Because when I give the power of my life to other people to decide, such as being somebody’s employee, being completely dependent upon them for my income – or renting from somebody, being completely dependent upon somebody’s Goodwill for a house, for a roof over my head – I find, quite often – consistently – that it’s not a “equal exchange” relationship.
Therefore, now, while I am employed (I’m employed part-time), I’m meanwhile steadily and attempting to rapidly build my private clientele on the side – therefore, diversifying the eggs in my basket in case one of them breaks.
Then, my whole world won’t fall apart, as has been the case these last three years…and before.
I’ve always had the most job security when I was an independent contractor, when I could build rapport, one person at a time, relationship dynamics.
And, if I came across people who were not of the collaborative, positive mindset, I could see that and I’d give them a chance. Not too far ’cause I don’t want to hang by that rope they’re slingin’ about! But, I’d check ’em, I’d test ’em …and if they weren’t “up to snuff” in growing and evolving, I’d just let them go.

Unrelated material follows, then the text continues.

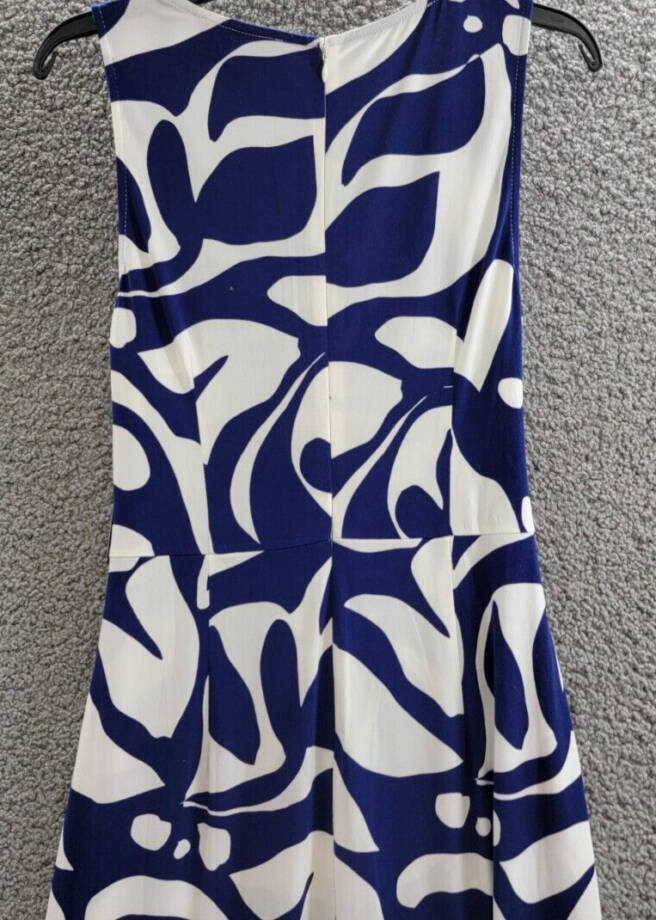 Donna Morgan Printed Wrap-Waist Asymmetric Dress Women's 8 Navy Back Zip Closure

I’ve let a lot of negative people in my life go because they just didn’t make sense and didn’t want to find a neutral ground to make sense.
It’s like, whatever their personal beliefs – fine – but, we’ve gotta have neutral, solid ground to work together, to come together, to meet and work on projects together, and achieve goals to mutual satisfaction and equal status.
I never seek to top anybody. That’s not my way.
But, I do step up to the plate and hold my own ground and promote gently, but firmly, where I think I want our vision to go.
And, if people don’t share my vision in the work that I am providing, we’re just not a match.
And, that’s fine. I have no problem with that.
But, I don’t like other people stepping on me.
And, I don’t like other people using me.
And, I don’t like other people misusing and abusing me…or leveraging me – or having control to destroy what I’m building.